21st of December: 3,000 miles away

At this time of year, the wildlife stars of Blakeney Point are undoubtedly the seals...

... but we haven't forgotten about the Sandwich Terns that breed here in the summer. One of the juveniles that was colour-ringed here by the BTO this summer, has been seen at Tanji on the coast of The Gambia, West Africa - around 3,000 miles from Norfolk.

Newly-ringed chick

This colour-ringing project, started in 2013, has given of us an insight into the post-breeding movements of the Sandwich Terns that breed on Blakeney Point. With birds seen in Scotland, Ireland, France, Holland, Germany and Denmark soon after leaving Norfolk.

While Blakeney Point is experiencing cold British winter weather and hosting thousands of breeding seals, the Sandwich Terns that bred here in the summer are far away in West Africa amongst Caspian Terns, Royal Terns and Grey-headed Gulls...

Tanji beach, The Gambia

It's not just Sandwich Terns that are being tracked. This Grey Seal cow is sporting a telemetry tag, fitted in The Netherlands this spring. She is one of four tagged seals from The Netherlands that have turned up at Blakeney since October. This shows just how far seals travel throughout the year. Most of the Grey Seals that breed on Blakeney Point only spend a small part of the year here.
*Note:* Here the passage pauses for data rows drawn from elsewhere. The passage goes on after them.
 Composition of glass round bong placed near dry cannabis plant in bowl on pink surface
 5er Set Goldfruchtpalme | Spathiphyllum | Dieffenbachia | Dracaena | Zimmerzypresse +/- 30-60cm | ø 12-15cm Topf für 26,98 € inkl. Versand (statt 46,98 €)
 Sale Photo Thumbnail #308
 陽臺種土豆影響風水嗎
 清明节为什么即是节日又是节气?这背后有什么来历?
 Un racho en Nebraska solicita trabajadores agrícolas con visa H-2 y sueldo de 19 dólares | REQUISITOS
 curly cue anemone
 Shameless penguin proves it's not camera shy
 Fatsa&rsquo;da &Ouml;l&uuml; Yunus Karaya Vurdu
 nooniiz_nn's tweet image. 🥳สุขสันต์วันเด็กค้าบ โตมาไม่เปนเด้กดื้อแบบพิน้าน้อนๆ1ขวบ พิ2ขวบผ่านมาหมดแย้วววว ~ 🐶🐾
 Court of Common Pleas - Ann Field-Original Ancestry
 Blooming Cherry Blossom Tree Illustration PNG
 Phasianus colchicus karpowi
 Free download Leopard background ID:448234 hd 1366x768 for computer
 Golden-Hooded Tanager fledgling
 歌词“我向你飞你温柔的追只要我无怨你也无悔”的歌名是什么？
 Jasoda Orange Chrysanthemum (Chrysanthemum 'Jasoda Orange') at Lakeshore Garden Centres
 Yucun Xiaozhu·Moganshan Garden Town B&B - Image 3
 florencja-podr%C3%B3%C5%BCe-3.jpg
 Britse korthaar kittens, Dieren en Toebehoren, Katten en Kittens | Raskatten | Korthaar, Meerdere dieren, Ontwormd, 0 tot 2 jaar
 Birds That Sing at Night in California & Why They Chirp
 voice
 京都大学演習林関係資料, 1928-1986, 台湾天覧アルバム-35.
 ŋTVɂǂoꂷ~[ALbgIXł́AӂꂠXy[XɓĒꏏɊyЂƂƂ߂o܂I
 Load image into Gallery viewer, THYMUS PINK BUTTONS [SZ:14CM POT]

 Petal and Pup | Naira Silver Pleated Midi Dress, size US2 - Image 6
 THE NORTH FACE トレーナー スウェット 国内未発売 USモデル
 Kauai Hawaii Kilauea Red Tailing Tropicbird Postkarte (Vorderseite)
The pupping has peaked and there are now numerous weaned pups spreading out along the Point. This one has made it onto the boardwalk.

We ask walkers on Blakeney Point to be aware that weaned pups will be scattered about the reserve. They have shed their white fur and been left by their mothers. This is natural. Please  do not approach weaned pups as going too close will cause distress. And ensure dogs are kept on leads at all times for the safety of both seals and dogs.

Pup moulting its white fur

With many pups weaned or almost weaned, lots of mating is going on in the rookery

With so many seals present, there is many a fight between bulls - some of them have clearly had a rough time

Many cows are noticeably thin having spent three weeks feeding their pups

While the pups have become very round

and have an easy life resting and living off fat reserves

There are a few black pups amongst the rookery

The beach, notably less crowded than last week

The total pup count now stands at 2,382. This puts us significantly ahead of Donna Nook, Lincolnshire (1,798) and The Farne Islands, Northumberland (1,651).